Far-Right Populism How the Alternative for Germany Has Transformed the Country
Founded only five years ago, the Alternative for Germany has grown from a marginal party to a game-changer in federal and state politics -- and become ever more radical. Is it a testament to the strength of German democracy, or a threat to it? By DER SPIEGEL Staff
For three hours every month, they set up shop right next to the flower stand. There are only four people, a table and an umbrella from which a blue T-shirt hangs. It's emblazoned with the party's logo and the words, "Nobody's perfect, but Brandenburgers come pretty damn close." Here, at the weekly farmers market in Woltersdorf, a 40-minute drive by car from Berlin, Kathi Muxel, the district chair of the Alternative for Germany (AfD) party for the Oder-Spree region, says: "We're the only ones who come here, even if there's no upcoming election. People appreciate that."
Several times a week, AfD adherents plant their umbrella somewhere in the area. Some take the day off from work, while others are self-employed and can set their own schedule. They wait for the people to show up -- and they always do -- and then they talk. They bring up their annoyance with expensive street lights in the town of Neuzelle, or the planned move of the recycling center in the Berlin suburb Erkner, or the "federal government's dishonesty" when it spoke of a mob attack in Chemnitz. After all, they say, there were reports that no mob attacks actually took place at all.

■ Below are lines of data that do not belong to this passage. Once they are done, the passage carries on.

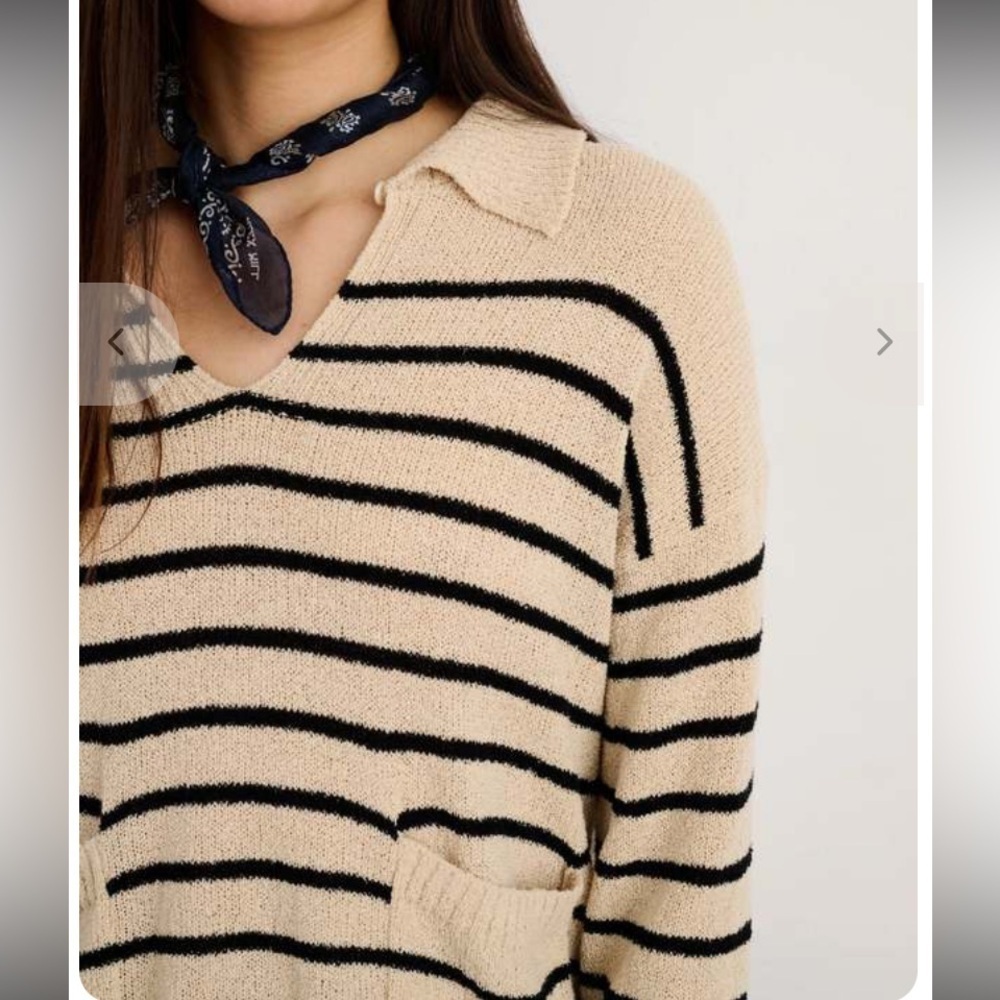 Alex Mill Alice Popover Sweater in Beige Black Stripe - Picture 2 of 12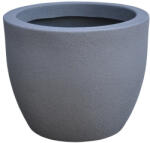 iGarden Ghiveci PE modern, rotund, imitatie piatra, model RUMBA M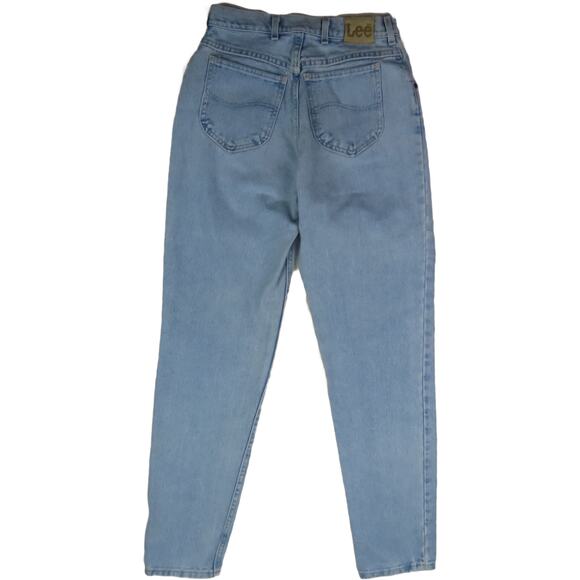 Vintage Lee Light Wash Grunge High Waisted Boho Festival Mom Denim Jeans 28 Long - Picture 2 of 4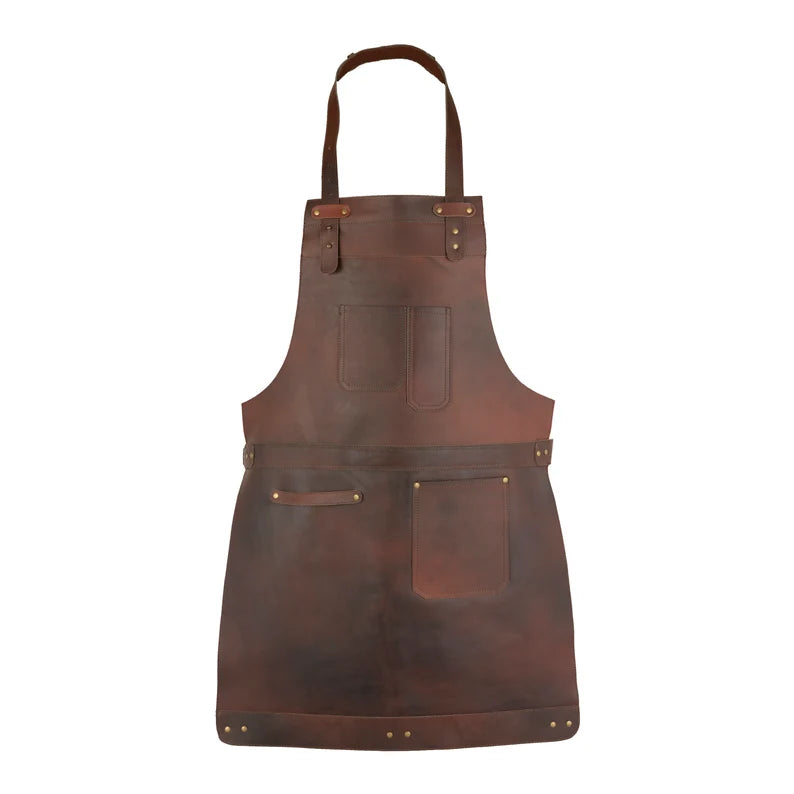 CraftShades Dark Brown Full Grain Leather Apron Butcher Apron -Cook Apron -BBQ Apron -Cooking Apron - Blacksmith Apron - Barber Apron - Woodwork Apron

Being ever-present, talking -- and not to mention listening -- was also part of the AfD strategy during federal elections last September. And it worked. The party scored 22.1 percent of the vote here in the eastern German state of Brandenburg, putting it only slightly behind Chancellor Angela Merkel's conservative Christian Democratic Union (CDU). It's possible that Alexander Gauland, the candidate for the Oder-Spree electoral district, was responsible for some of that success. But what has been decisive is the proximity to ordinary voters that the AfD has cultivated. And it's not only here that the far-right populists are firmly rooted, but in many other places around the country as well.

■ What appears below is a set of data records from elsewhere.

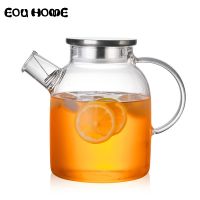 1L/1.5L Transparent Glass Teapot Heat Resistant Flower Kettle Water Jug with Bamboo/Stainless Steel Cover Clear Juice Container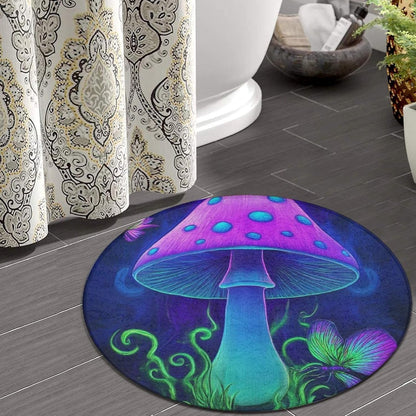 Home Decor Non Slip Kitchen Office Circle Rug, Machine Washable Modern Round Area Rug, Room Sofa Yoga Soft Round Carpet Purple Galaxy Trippy Space Astronaut Art, 36inch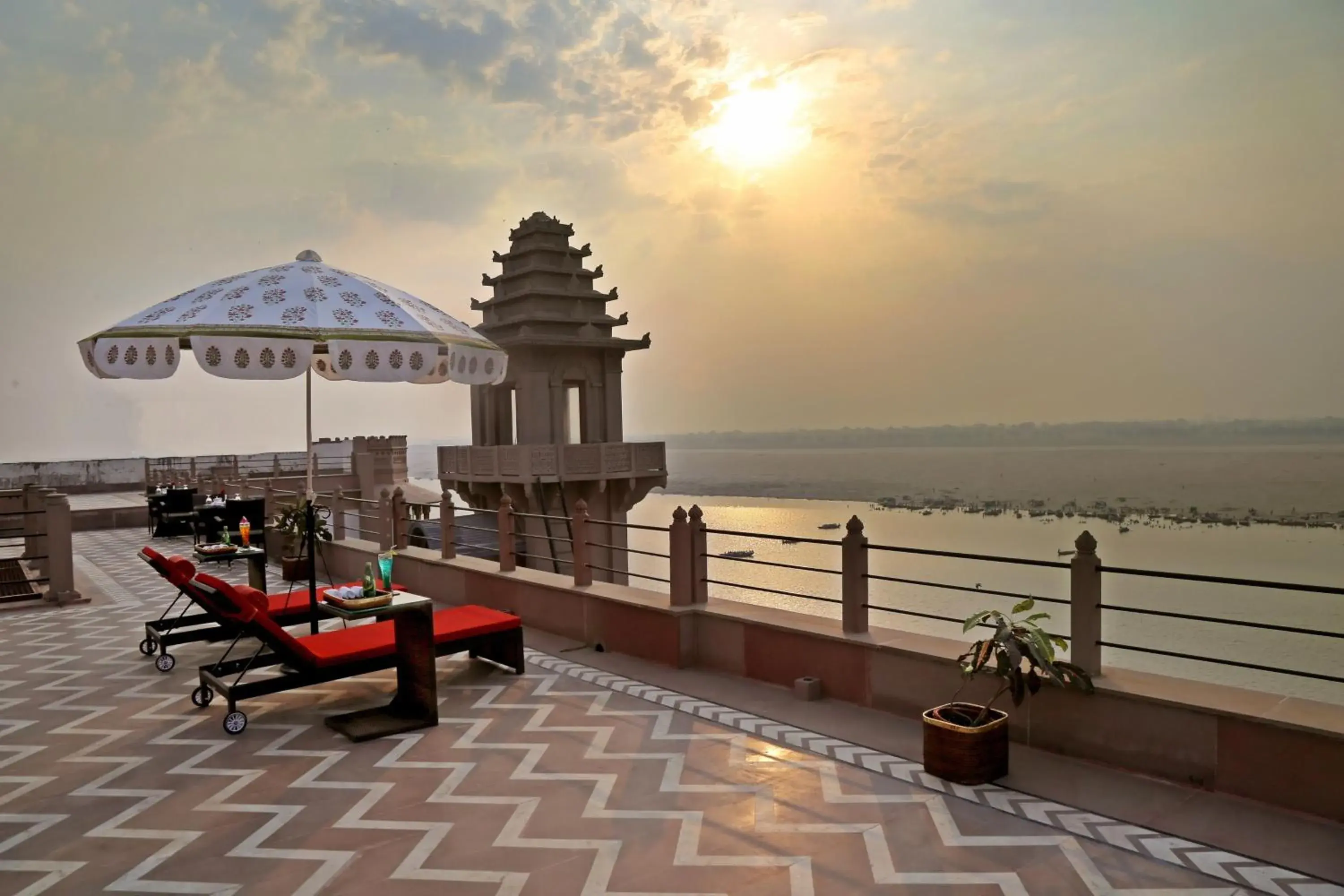 Balcony/Terrace in BrijRama Palace, Varanasi by the Ganges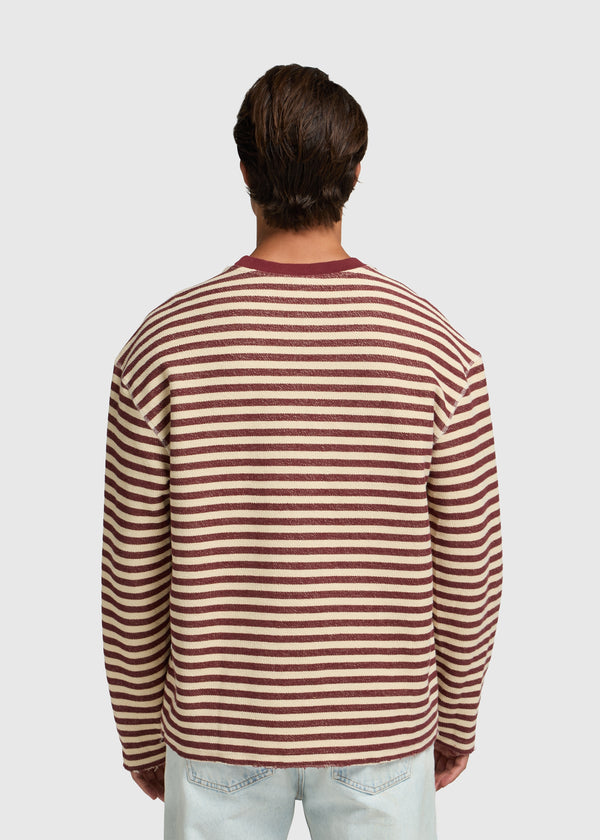 Structure Stripe Longsleeve - Bordeaux Red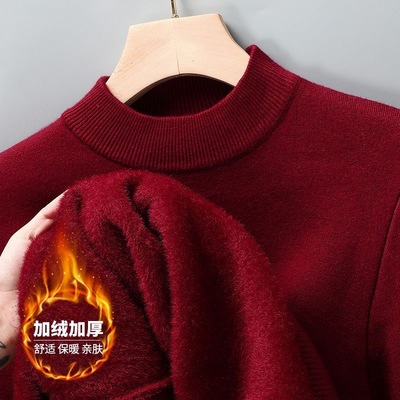 半高领+加绒+保暖+简约+打底毛衣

Political upheavals rarely happen overnight. They begin slowly, and then one morning you wake up and find yourself in another country. The small group that gathered on the evening of Feb. 6, 2013, in a Protestant community center in the town of Oberursel near Frankfurt, had no idea that by founding a new political party called the Alternative for Germany they would trigger something bigger. Who would have thought that a retired senior government official, a conservative newspaper columnist and a numbers-loving economics professor would changed the face of German politics?
And who would have thought that the AfD of Alexander Gauland, Konrad Adam and Bernd Lucke would become a big-tent party of its own -- at least in parts of eastern Germany -- within just a few years? Or that it would win almost a hundred seats in the federal parliament with its pledge to "hunt down" Chancellor Angela Merkel? Or that its party leaders would one day march through the streets of Chemnitz alongside far-right extremists, like they did on Sept. 1, 2018?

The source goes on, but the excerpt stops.